Secondo quanto riporta ‘Il Fatto Quotidiano’, il personale dell’azienda verrebbe contrattualizzato da società interinali irlandesi registrate in Italia come “compagnie aeree”, ma che non sarebbero proprietarie di velivoli né autorizzate da Enac. Così i salari sarebbero in parte pagati come indennità di volo sui cui è possibile non versare contributi.
Secondo l’Ispettorato, Ryanair (che prima del 2012 pagava le tasse solo in Irlanda) avrebbe aperto in Italia una posizione previdenziale per questi lavoratori, non pagando tutti i contributi. Ad esempio non avrebbe versato quelli per la tredicesima e la quattordicesima. E nemmeno avrebbe rispettato le norme che regolano il trattamento di fine rapporto.
Ci sarebbe poi il capitolo riguardante gli stipendi sotto forma di indennità di volo. “Se su mille euro 700 vengono pagati sotto questa forma, peraltro senza che ci sia stato un accordo sindacale – spiega a IlFattoQuotidiano.it Davide Venturi, dirigente dell’Ispettorato territoriale di Bologna, che ha coordinato l’indagine – su quei 700 euro l’azienda non versa i soldi che dovrebbe allo Stato. Questa indennità è dovuta solo quando il dipendente non ha un aeroporto di riferimento. In questo caso, invece, tutti i dipendenti Ryanair che lavorano in Italia ne hanno uno”.
La compagnia farebbe contrattualizzare parte due suoi dipendenti da piccole aziende di diritto irlandese di somministrazione di manodopera. In particolare i più giovani. Si tratta di società registrate in Italia come compagnie aeree, che per questo possono pagare parte degli stipendi come indennità di volo. “Il problema è che queste aziende non posseggono neanche un aereo e non sono autorizzate da Enac – aggiunge Venturi -. Quindi sono registrate come compagnie aeree in maniera illegittima allo scopo di non pagare i contributi”.

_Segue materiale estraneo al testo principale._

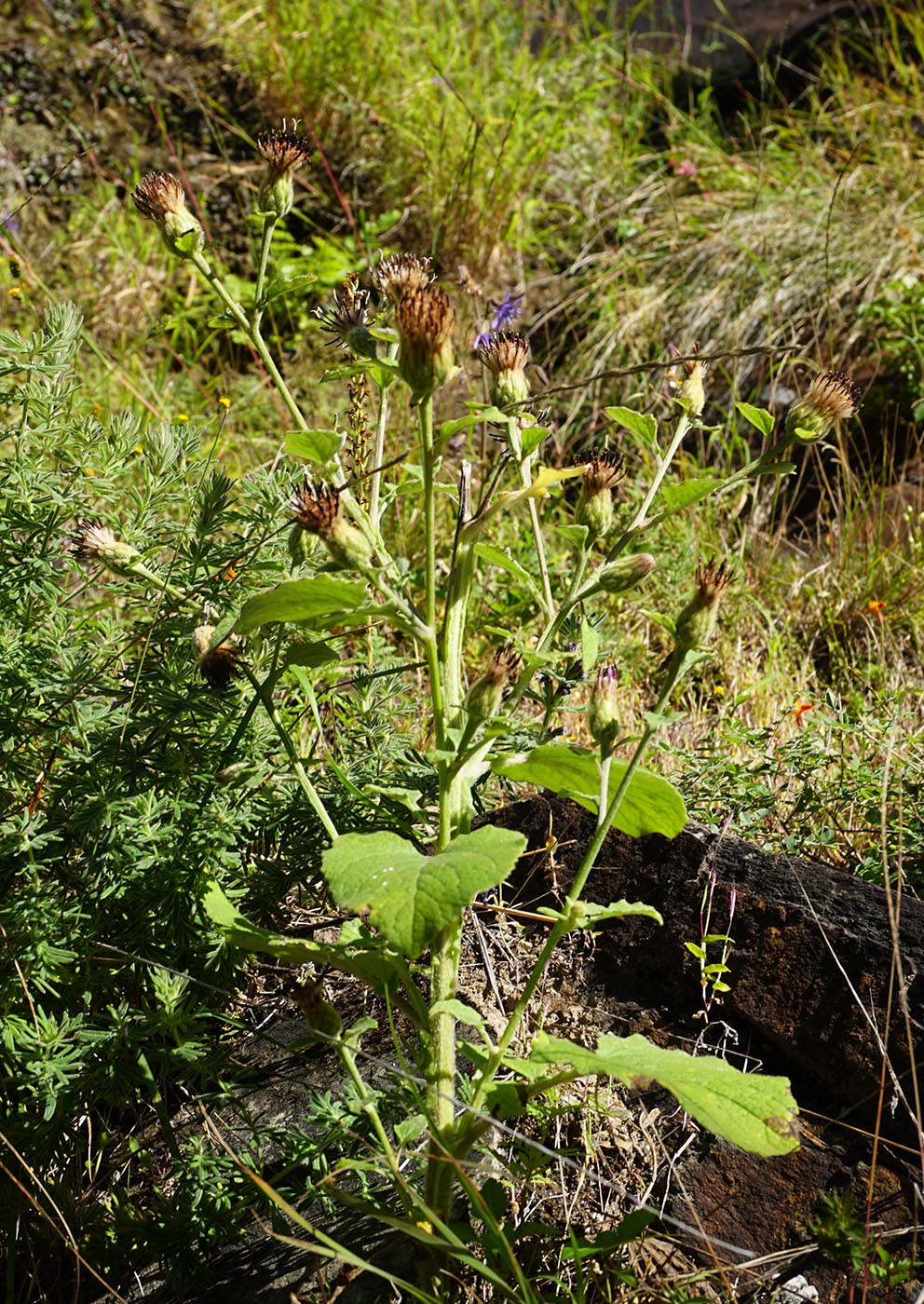 Asteraceae sp. - W/O-9269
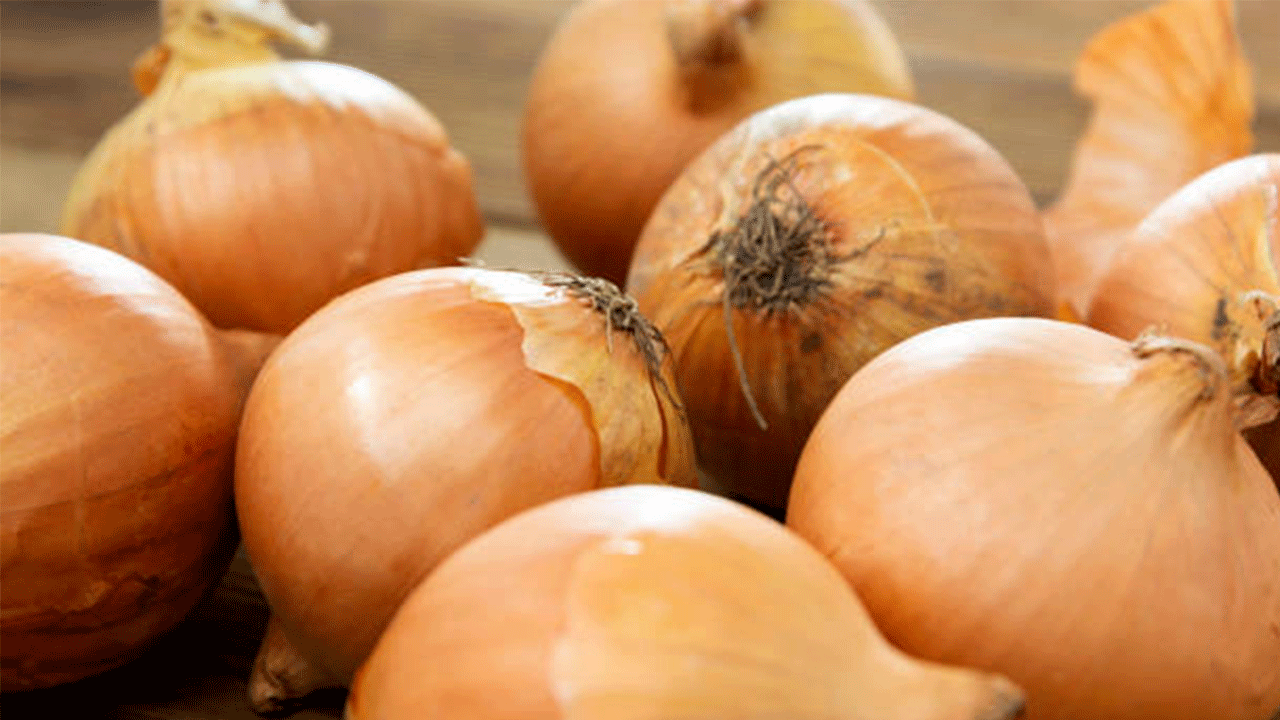 800 Ton Ürün Tarlada Kaldı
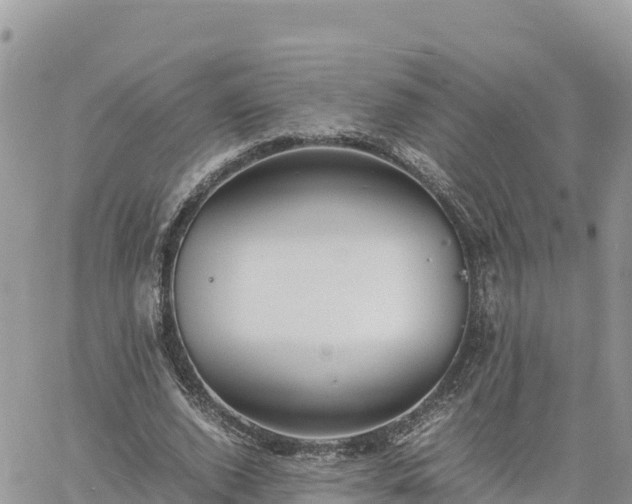 X0000060750728200511171122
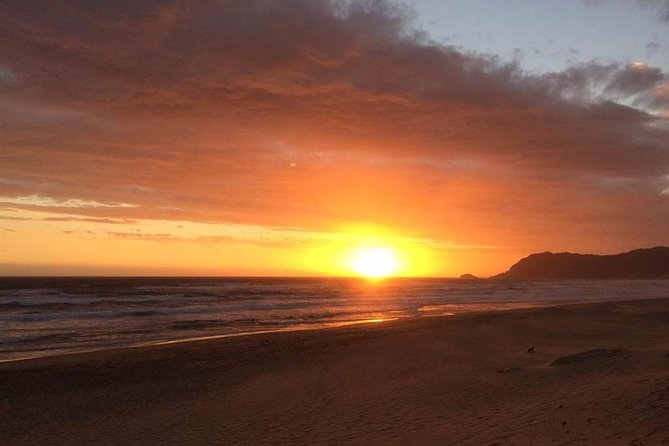 5 Day Cape to Addo Safari - Garden Route Small Group Tour - Guides, group style, and the social side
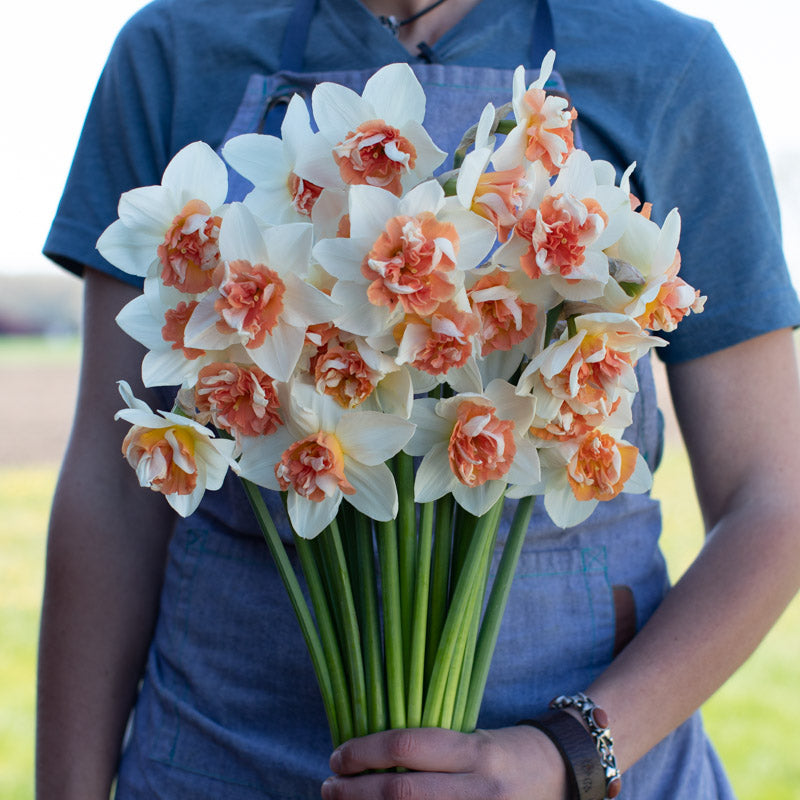 Narcissus Candy Princess – Floret Library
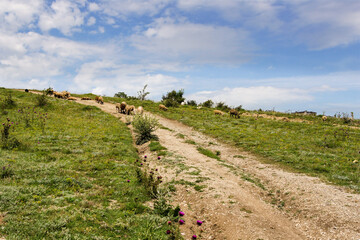 A small flock of sheep on the road.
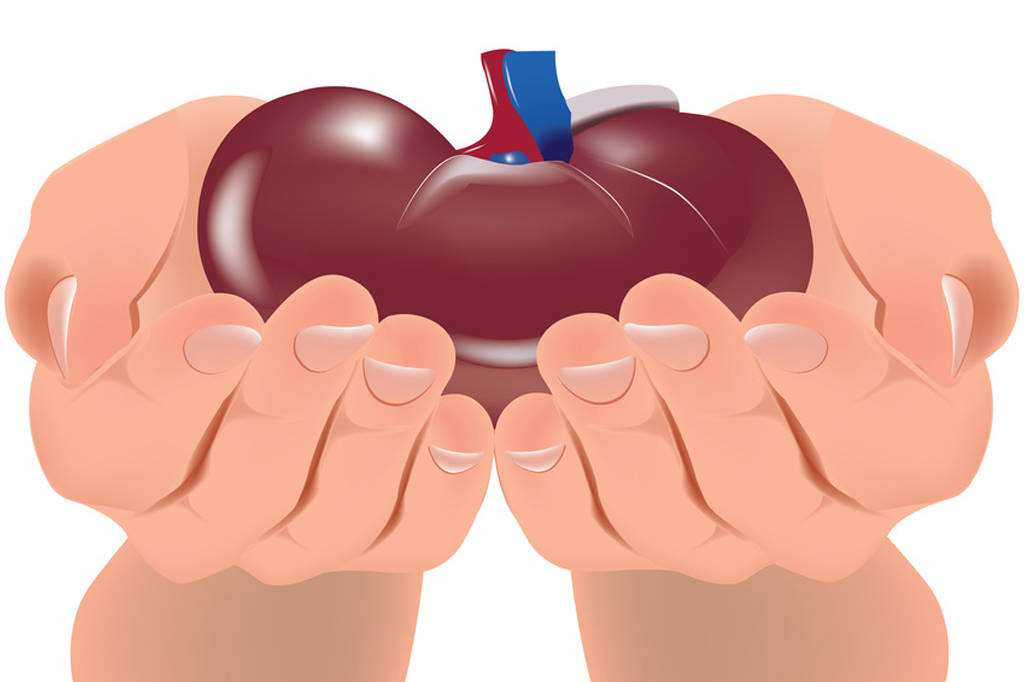 Dons d'organes et greffes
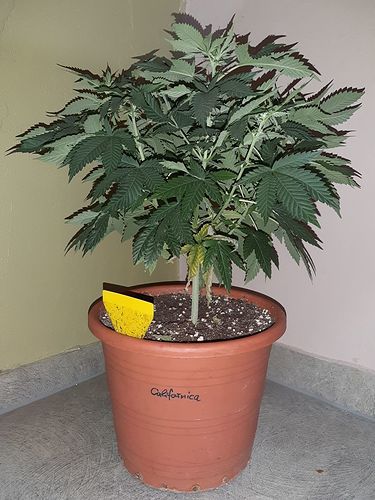 Growreport Bild 1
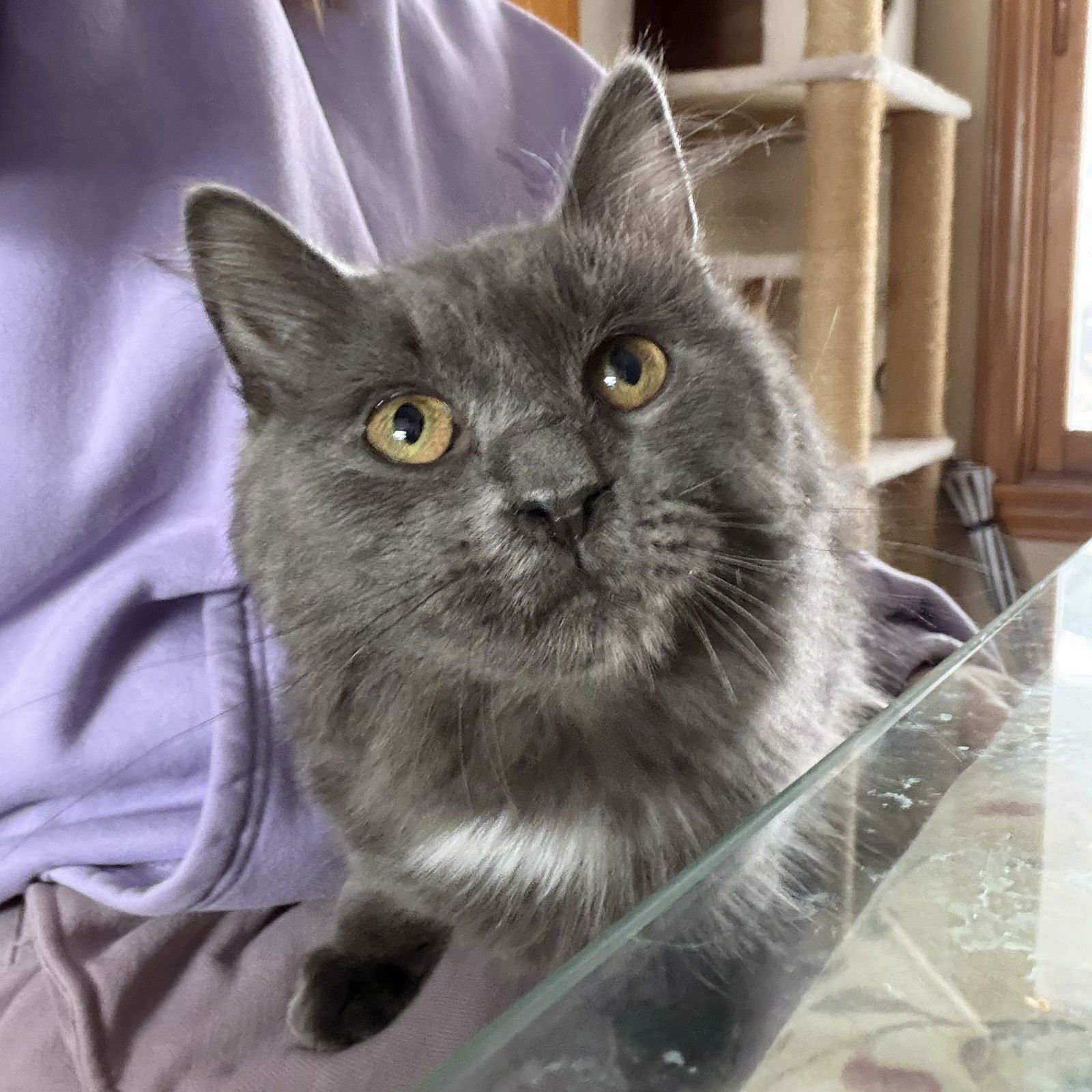 MATILDA - Domestic Short Hair available for adoption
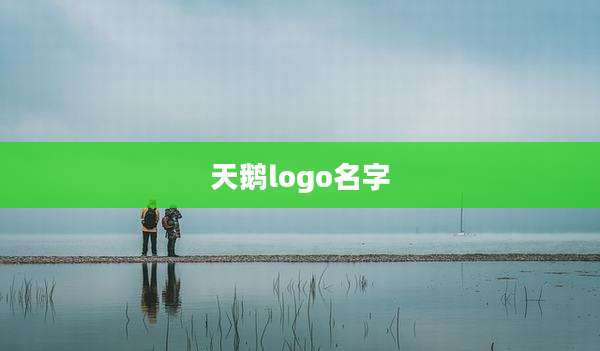 天鹅logo名字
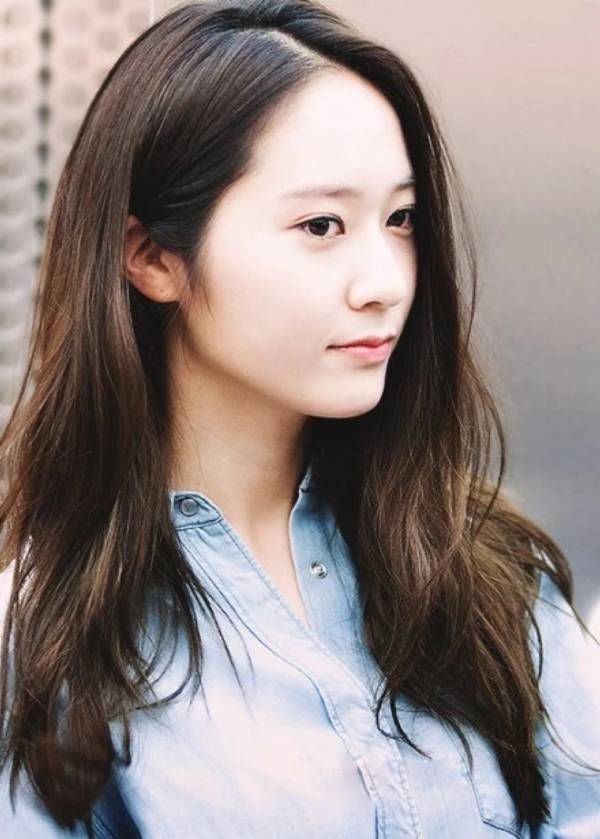 每日花语红山茶,每日花语桔梗花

Queste aziende si sarebbero stabilite in Italia dal punto di vista previdenziale in quella che si chiama una “totale commistione con un unico regista, schema che non è consentito dalle nostre leggi ma è previsto dal diritto internazionale – conclude Venturi -. Per questo non ne abbiamo contestato l’illegittimità, ma abbiamo deciso di chiedere a Ryanair i contributi non pagati perché siamo certi che in questo caso si applica il diritto previdenziale italiano, secondo cui chi beneficia della prestazione deve pagare i contributi”. E a beneficiarne sarebbe Ryanair, che sempre tramite il Fatto Quotidiano annuncia: “Abbiamo dato mandato ai nostri legali di fare immediatamente appello contro la decisione”.